> Supplied data
- - -

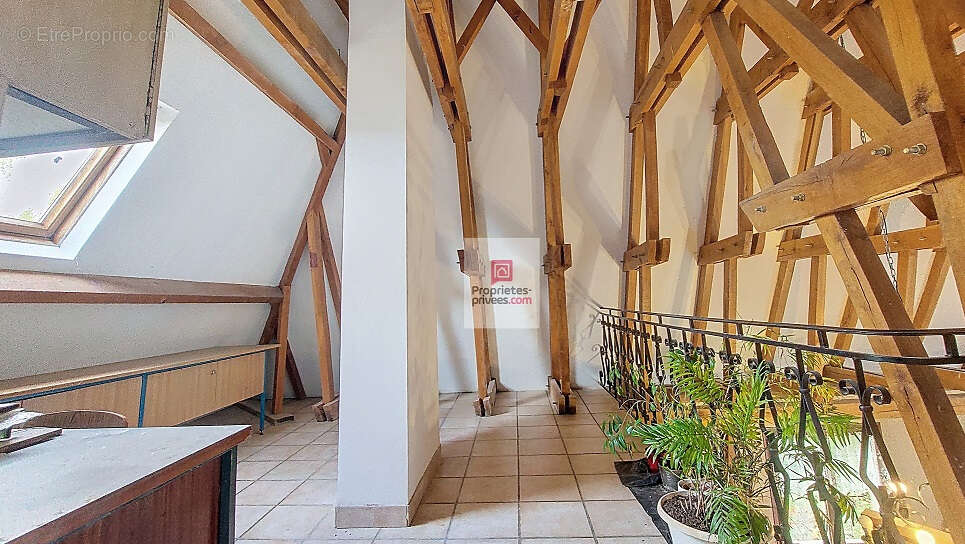 Maison à SAINT-PIERRE-DE-CHIGNAC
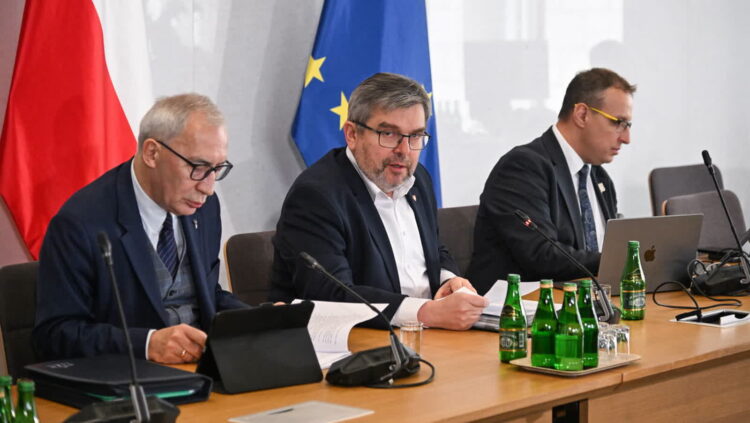 Przewodniczący komisji, poseł KO Jarosław Urbaniak (C) i jego zastępcy: poseł PiS Kazimierz Smoliński (L) i poseł Polski2050-TD Łukasz Osmalak (P) Fot. PAP/Radek Pietruszka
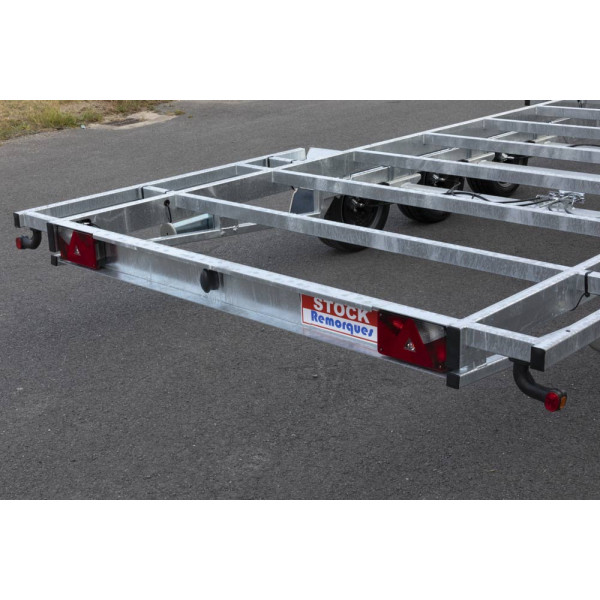 TH 6m60 x 2m44 version basse 3 x essieux 1350 kg (copie)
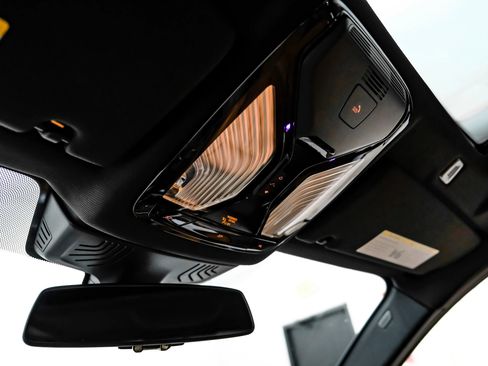 Used 2019 BMW 540i xDrive w/ M Sport Package image 33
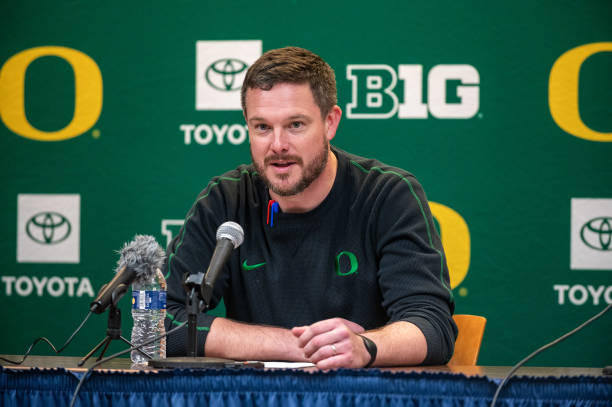 Breaking News: Crushing Injury Paves Way for $120 Million Oregon Ducks Trade Opportunity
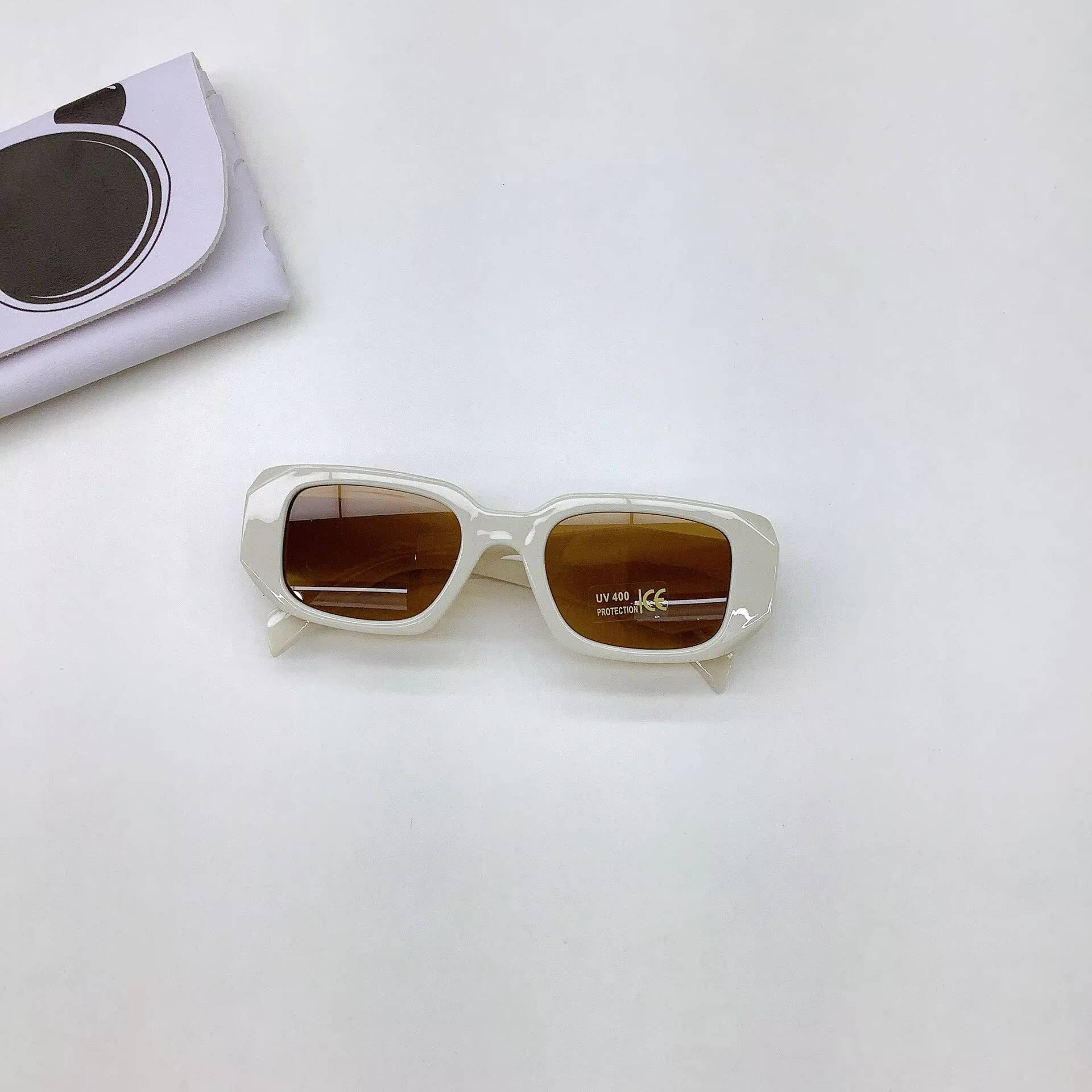 2026 New Square Cut Edge Children s Polygonal Wide Leg Sunglasses, Baby UV Resistant Sunshades бежевый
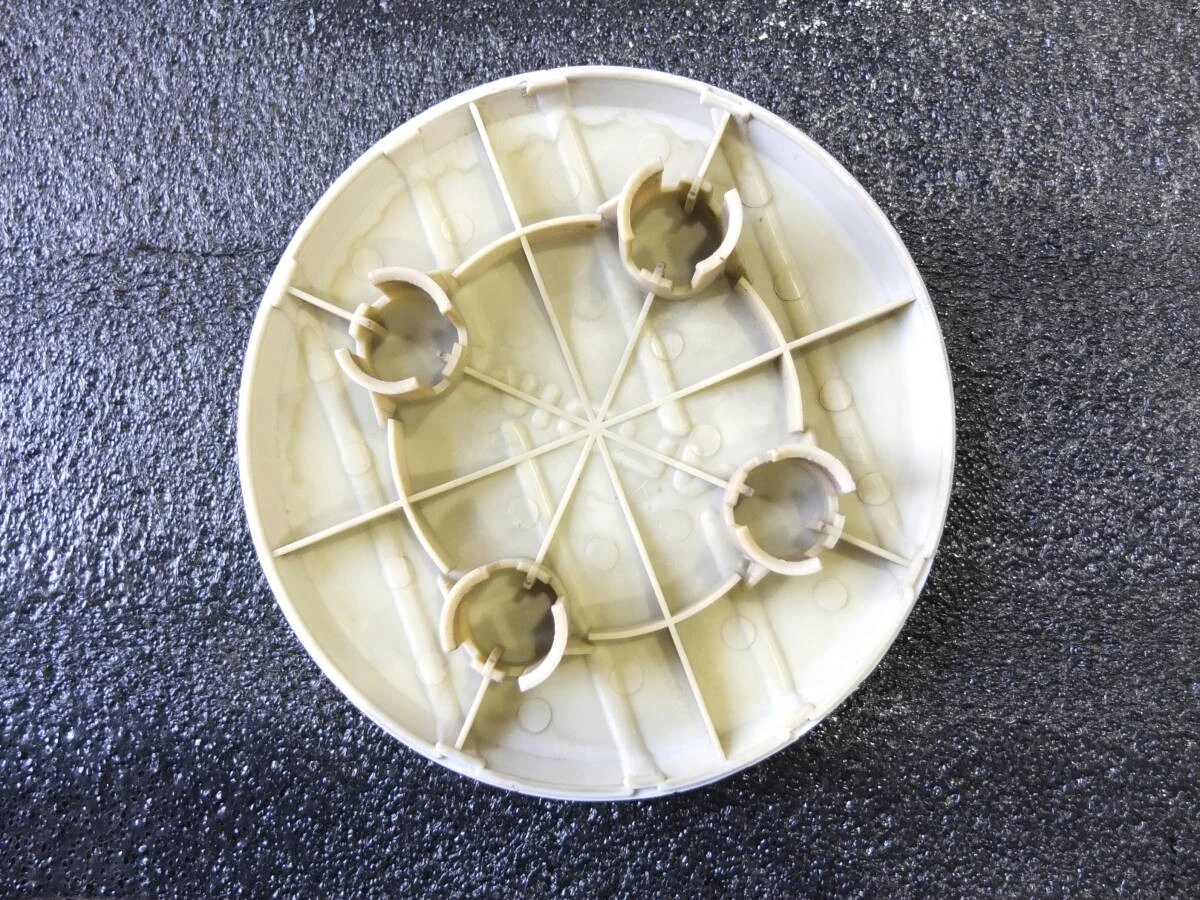 JDM Genuine Nissan center cap for Pao PK10 wheel cover 1 sheet discont No Tires - Image 2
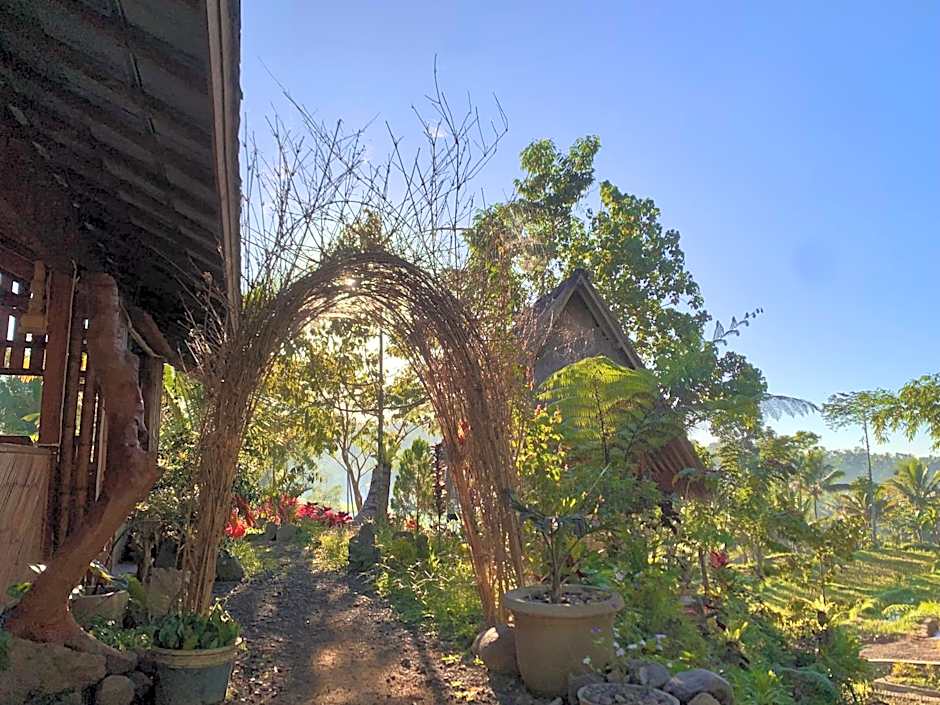 The Alam Bungalow & Restaurant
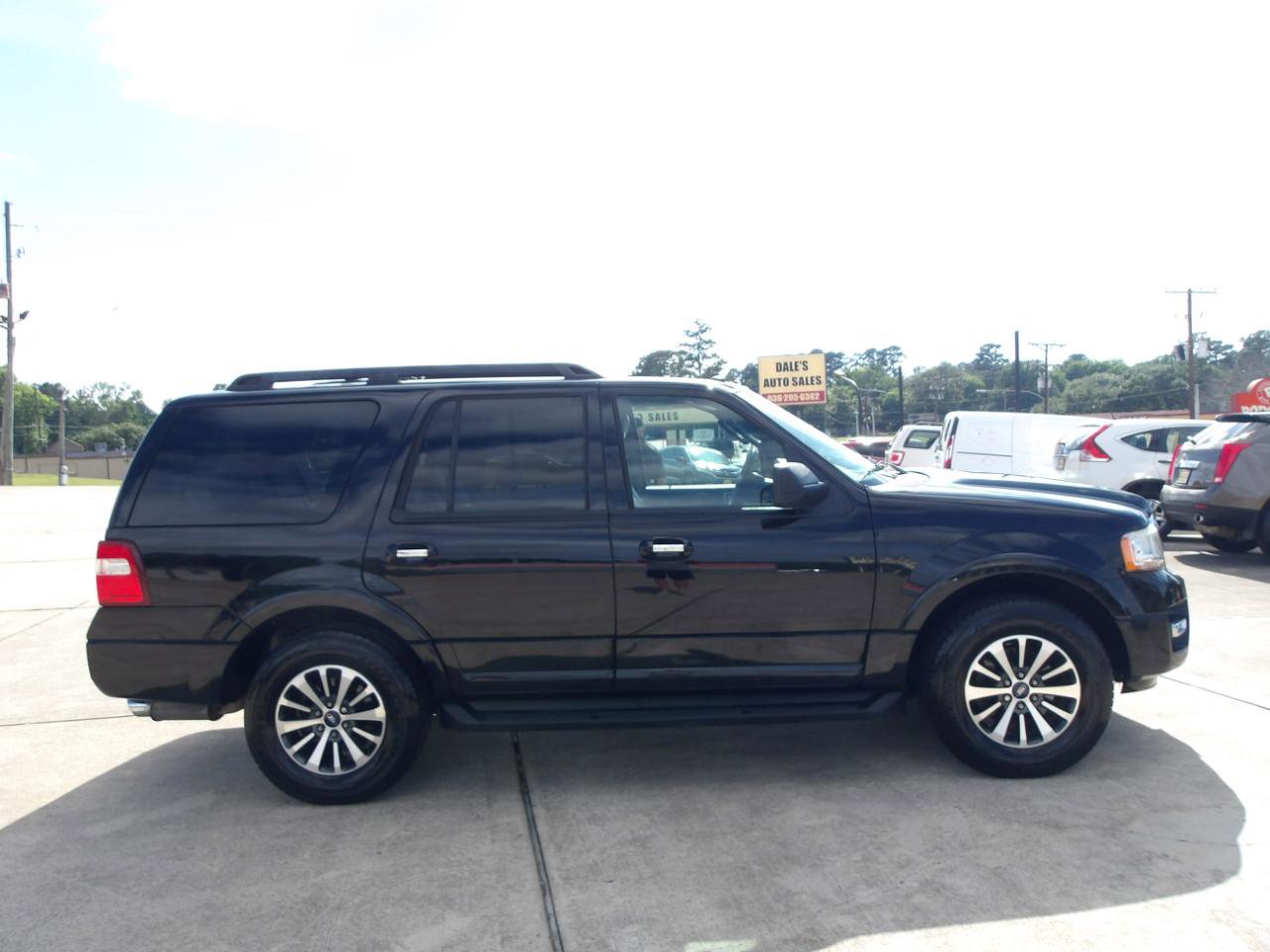 Used 2017 Ford Expedition XLT w/ Equipment Group 202A RWD image 5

- - -

> Try it
Please output the material above again, exactly, and omit every image.

> Expected answer
 Maison à SAINT-PIERRE-DE-CHIGNAC
 Przewodniczący komisji, poseł KO Jarosław Urbaniak (C) i jego zastępcy: poseł PiS Kazimierz Smoliński (L) i poseł Polski2050-TD Łukasz Osmalak (P) Fot. PAP/Radek Pietruszka
 TH 6m60 x 2m44 version basse 3 x essieux 1350 kg (copie)
 Used 2019 BMW 540i xDrive w/ M Sport Package image 33
 Breaking News: Crushing Injury Paves Way for $120 Million Oregon Ducks Trade Opportunity
 2026 New Square Cut Edge Children s Polygonal Wide Leg Sunglasses, Baby UV Resistant Sunshades бежевый
 JDM Genuine Nissan center cap for Pao PK10 wheel cover 1 sheet discont No Tires - Image 2
 The Alam Bungalow & Restaurant
 Used 2017 Ford Expedition XLT w/ Equipment Group 202A RWD image 5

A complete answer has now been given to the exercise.